**Requirement**: From the line containing "PRUVA AKADEMİ YAYINLARI" to the last line of the listing, both included, copy every line exactly and drop the pictures.

**Records to process**:
>>>
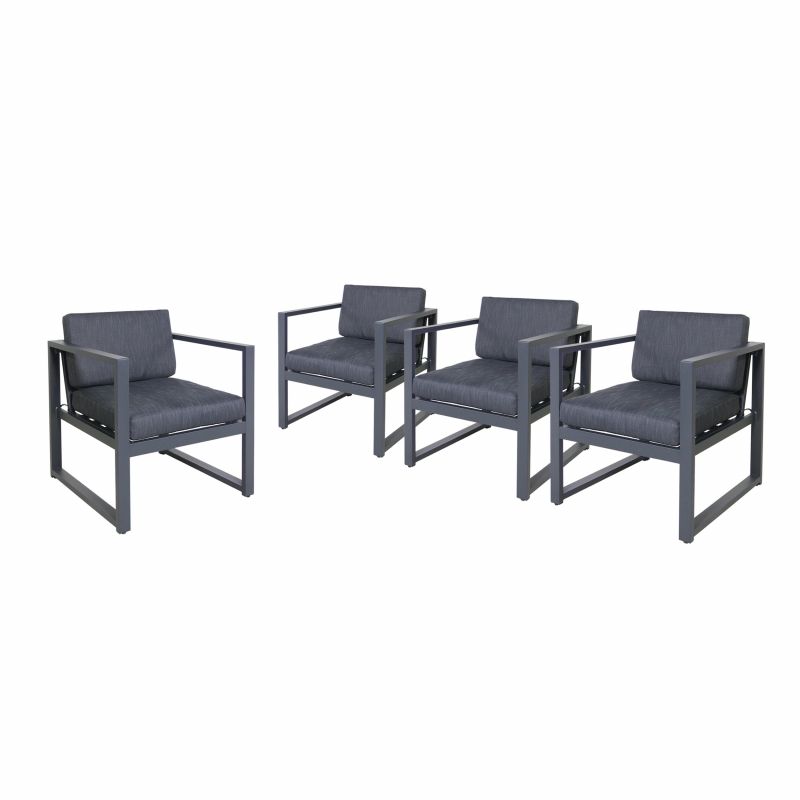 305395 Navan Outdoor Aluminum Club Chairs (Set of 4), Dark Gray and Black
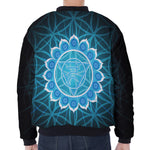 Vishuddha Chakra Spiritual Print Zip Sleeve Bomber Jacket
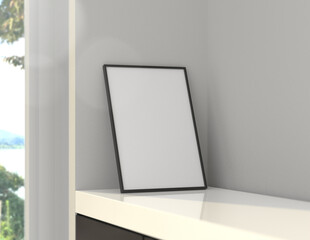 Poster - A simple and convenient frame mock up file. Picture frame mock up template using smart objects. A4 size photo frame.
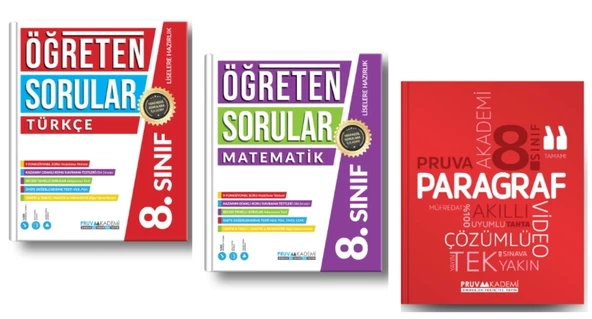 PRUVA AKADEMİ YAYINLARI 8.SINIF ÖĞRETEN SORULAR TÜRKÇE + MATEMATİK + PARAGRAF SORU BANKASI ürün görseli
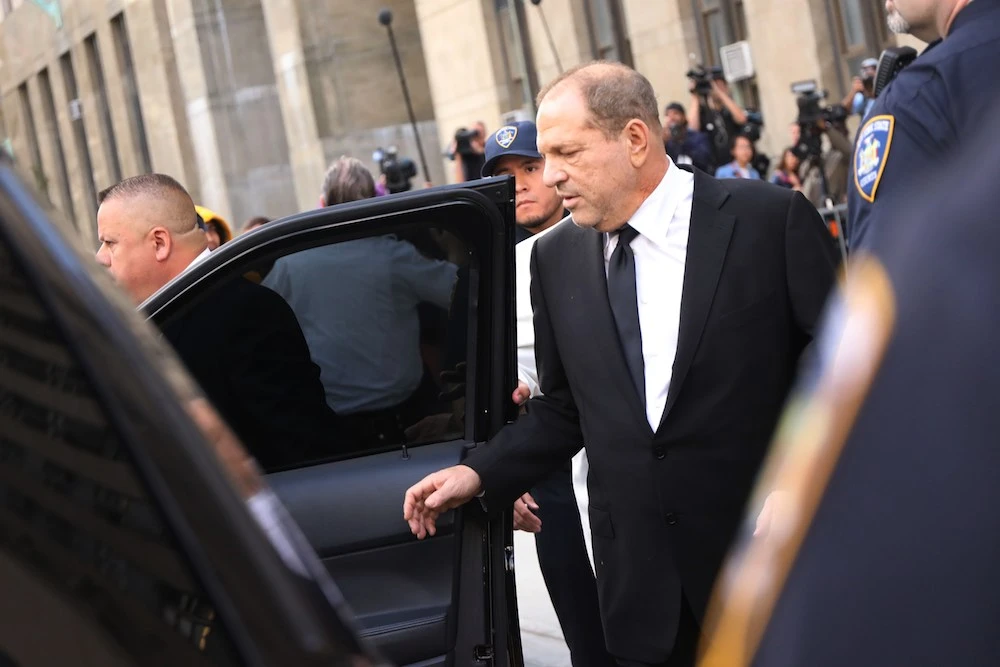 Harvey Weinstein exits court after an arraignment over a new indictment for sexual assault on August 26, 2019 in New York City..(AFP)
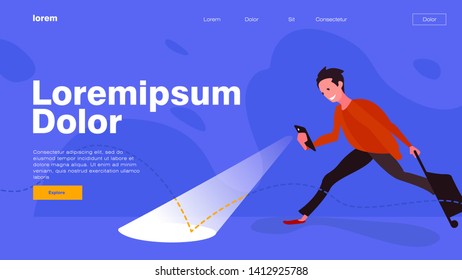 Finding a way with the help of an online assistant .Landing page template.Trendy Character Design Illustration - Vector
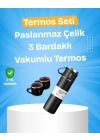 Isıyı Uzun Süre Koruyan 500 ml Termos Seti | Çelik Gövde, 2 Bardaklı, Hediye Kutulu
<<<
**Task solution**:
 PRUVA AKADEMİ YAYINLARI 8.SINIF ÖĞRETEN SORULAR TÜRKÇE + MATEMATİK + PARAGRAF SORU BANKASI ürün görseli
 Harvey Weinstein exits court after an arraignment over a new indictment for sexual assault on August 26, 2019 in New York City..(AFP)
 Finding a way with the help of an online assistant .Landing page template.Trendy Character Design Illustration - Vector
 Isıyı Uzun Süre Koruyan 500 ml Termos Seti | Çelik Gövde, 2 Bardaklı, Hediye Kutulu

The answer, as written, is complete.